If we’re to judge from what Doctor Suk tells us about the time Maru has spent working with Eun-ki to help her cognitive skills, then this final scene seems like a calculated maneuver on Maru’s part to help her regain her memories. Which is a noble sacrifice on his part considering what he might lose if she remembers everything.
And if dramas have taught us anything, it’s that one day of blissful togetherness always serves as padding for something terrible to come. At least Maru’s exercising some control over what might be the coming storm. There’s no way of telling (yet) if his love for Eun-ki goes deeper than his love for Jae-hee, since, frankly, he’s no stranger to self-sacrifice when it comes to the women in his life.
That list includes Choco, whose mysterious illness we haven’t seen pop up in a while, though I’m sure it’ll come at the most dramatic moment possible. Maru asking for half of Taesan in return for helping Eun-ki seemed like a move geared toward Choco’s welfare, even though her donating the money he earned by cheating people doesn’t seem to have put much of a hole in his pocket. But hey, now he’s got a shiny new job that must be paying him something. And he doesn’t have to sell his soul this time.
The inclusion of Jae-gil and Choco in recent episodes has been a complete turnaround from the place they used to fill in the story – a semi-sweet side romance totally removed from the main action. It makes sense with Maru and Eun-ki’s new trajectories that they’d each be more open to helpful influences than they were before, so it’s nice to see Jae-gil and Maru’s neglected bond spring back to life as well as the newer bond forming between Choco and Eun-ki.

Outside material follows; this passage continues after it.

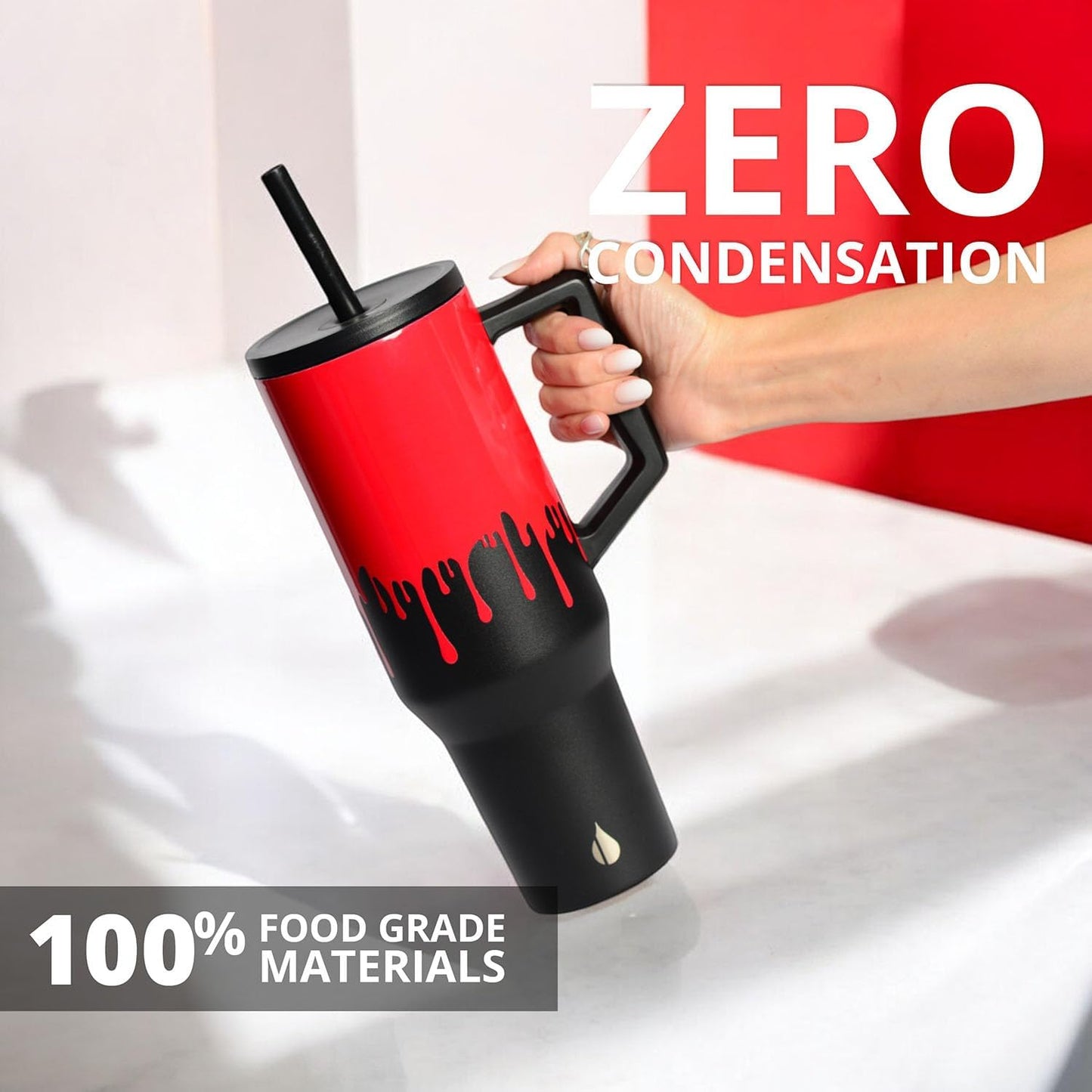 100% Leak Proof 32oz Tumbler with Handle & Straw Travel Mug | Stainless Steel Double Wall Insulated Tumbler for Hot and Cold Beverages with Sip & Straw Lid - Colors A
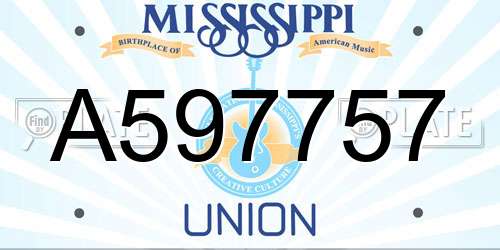 A597757 Mississippi License Plate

And though I didn’t think I’d be admitting it, I’m actually surprised by how integrated the use of Eun-ki’s amnesia is to both her and Maru’s narrative arcs, respectively. There have always been more similarities between the two than there are differences, especially in regard to their level of devotion and passion for whatever they set their minds to. It’s not like being a gigolo gave Maru instant telepathic powers when it comes to women, but instead it seems like he’s able to stay one step ahead of Eun-ki because he’s been there before, and knows how she works.
It’s why he manipulated her so easily before, and why it’s throwing me for such a loop that he’s using that same knowledge to actually foster a real relationship with her this time around. He’s choosing to take Eun-ki by the hand and protect her while he helps her to stand up again in her rightful place, memories fully intact. The nicest thing about that sentiment is that unknowingly, Eun-ki is providing Maru the strength to live again. And I mean actually live, none of this walking dead stuff he’s been doing.
Just don’t remind me about the hematoma, because I’m finally starting to care about whether Maru lives happily ever after or not. And that’s something I’d sworn not to do after experiencing the super thought out, well-rounded, totally in-character and narratively fulfilling ending to Writer Lee’s previous work that cannot be swept under the amnesia rug, A Love To Kill.